Pictures are to be left out, and only the lines below starting at the one with "So whenever you're" and ending at the one with "When you print, this" are to be reproduced, each exactly, both ends included.

***** Records to use

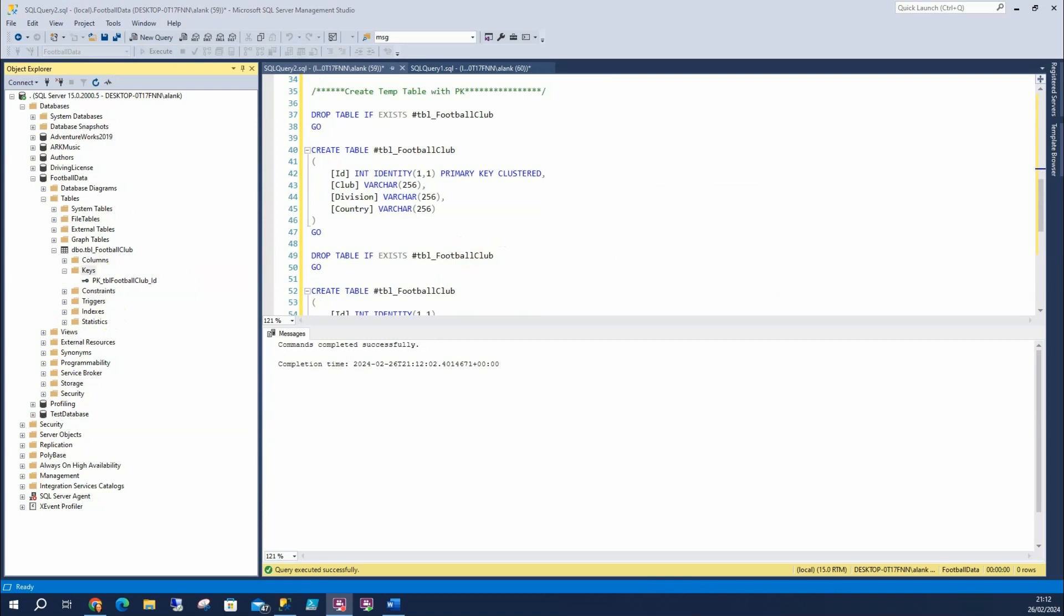However, if we name our primary key, it can cause routines to fail. Why is that? Because we're not allowed duplicate objects in a SQL server. So if someone's running a stored procedure that creates a temp table with a primary key, then it won't allow the same name to be created. So in that case, we let SQL create our primary key for us.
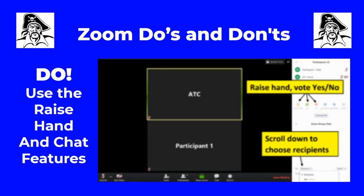Do use the raise your hand and the chat features. Don't just jump in. Make sure that you click the raise your hand button, or you can even hold your hand in front of your camera to let your teacher know you're raising your hand. If you have a question, you can always use the chat feature in Zoom. Keep in mind that if you don't have a microphone or a webcam, you can use the chat feature to correspond with your teacher instead.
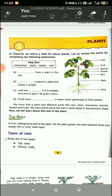We learnt a little about plants. Let us revise by completing the following statements. Root fixes a plant in the soil. Stem supports a plant and keeps it upright. Leaf has chlorophyll in it to prepare food and give it its green color. Fruits have seeds in them which help to germinate to form new plants.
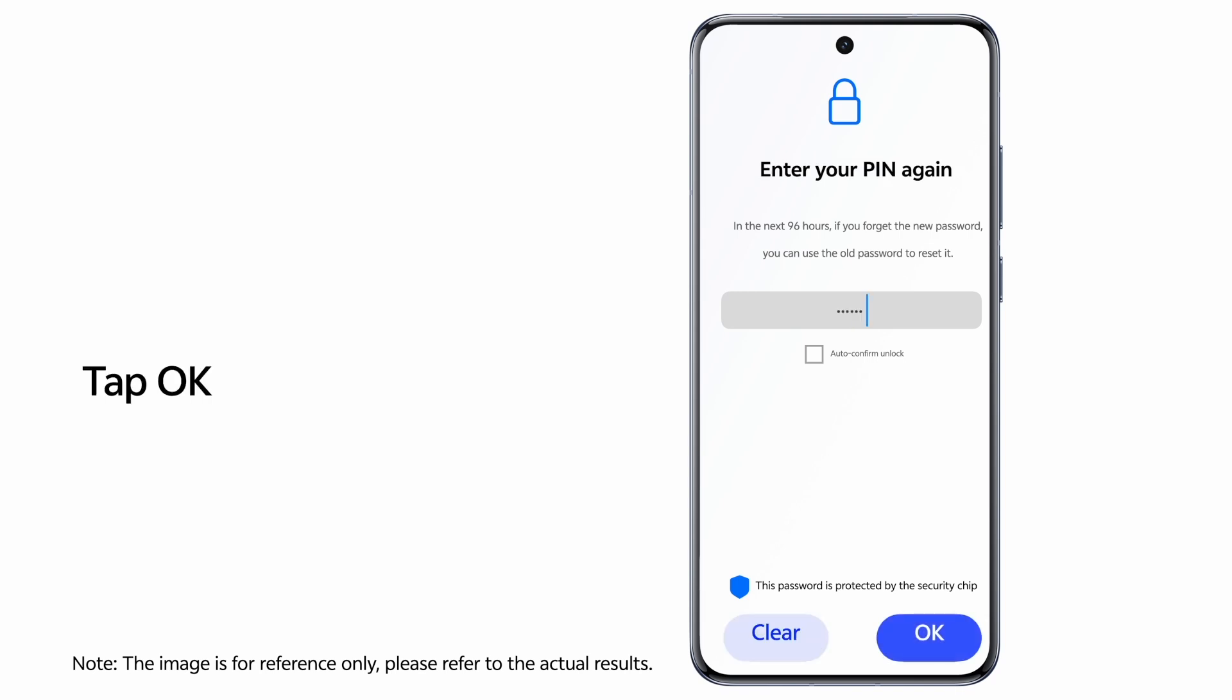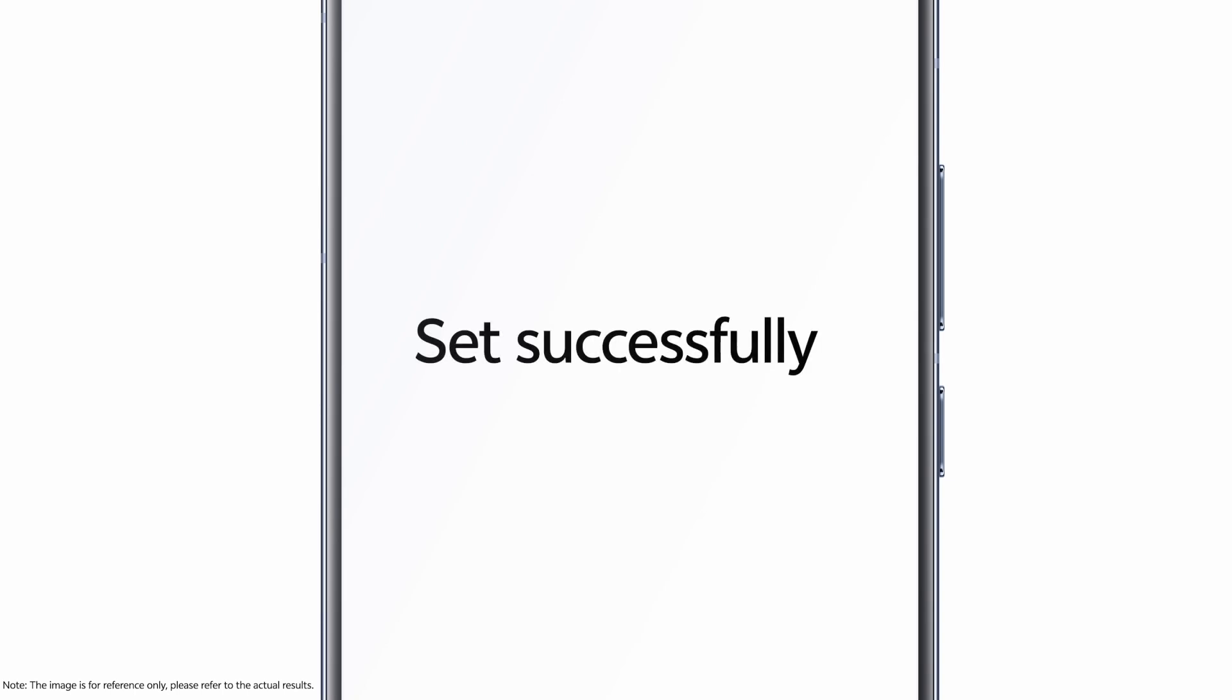If finished, tap OK. The new password was set successfully. Now you can use the new password to unlock the phone.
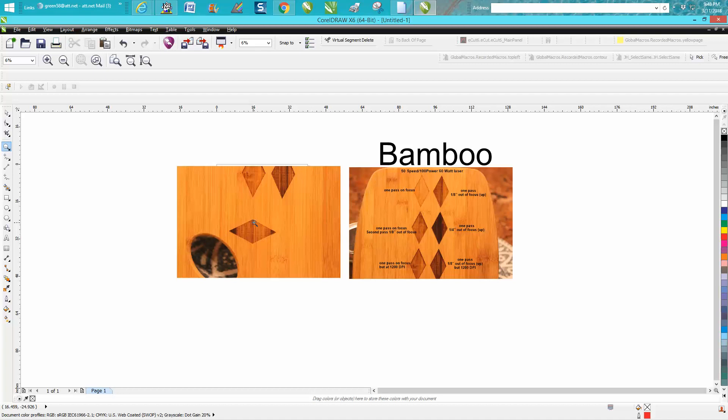So whenever you're engraving something like this and you can turn it, it's going to engrave faster. Now you can't always do that with everything, but if it was just a line of text going down the board, you wouldn't want to engrave it like that—you'd want to have the text going across.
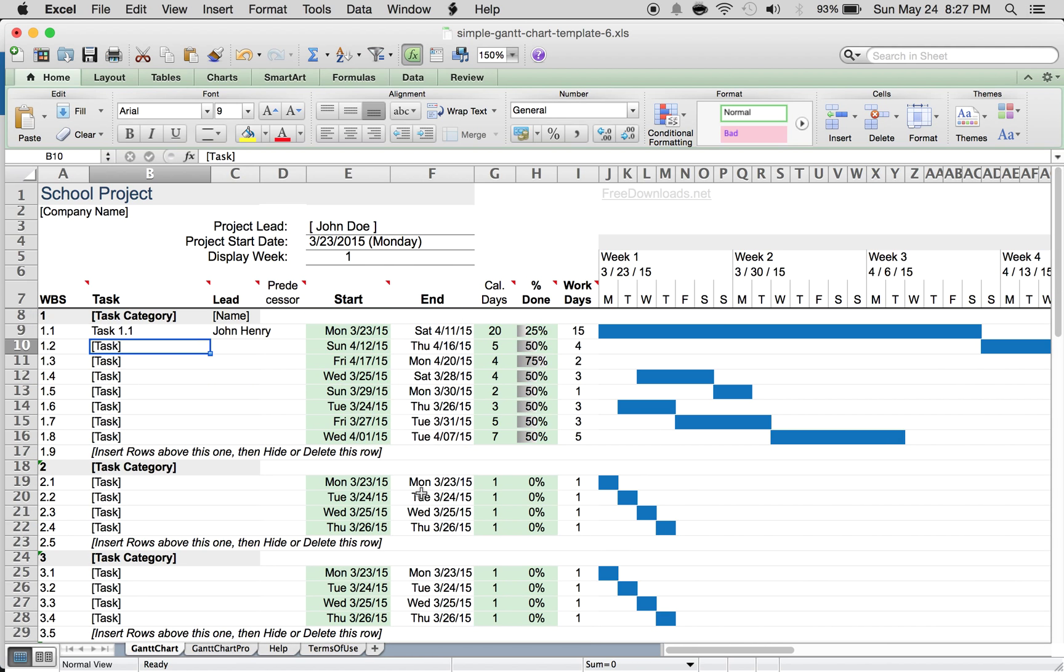When you print, this form prints out in landscape very well. That's it, that's all you have to do. Remember, always come to freedownloads.net whenever you're looking for any kind of chart or template.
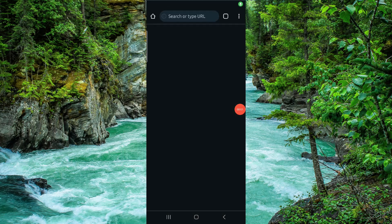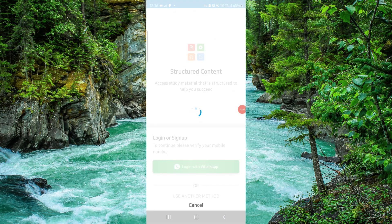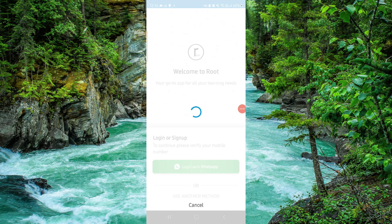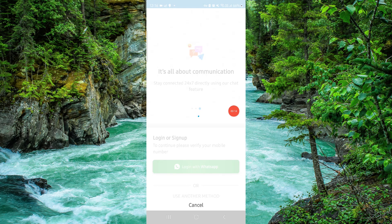Welcome back to my channel. In today's video, I will show you how to delete, remove, or uninstall the root app. Let's get started. To do that, you have to follow these easy steps.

**********

### Answer to this exercise:
So whenever you're engraving something like this and you can turn it, it's going to engrave faster. Now you can't always do that with everything, but if it was just a line of text going down the board, you wouldn't want to engrave it like that—you'd want to have the text going across.
When you print, this form prints out in landscape very well. That's it, that's all you have to do. Remember, always come to freedownloads.net whenever you're looking for any kind of chart or template.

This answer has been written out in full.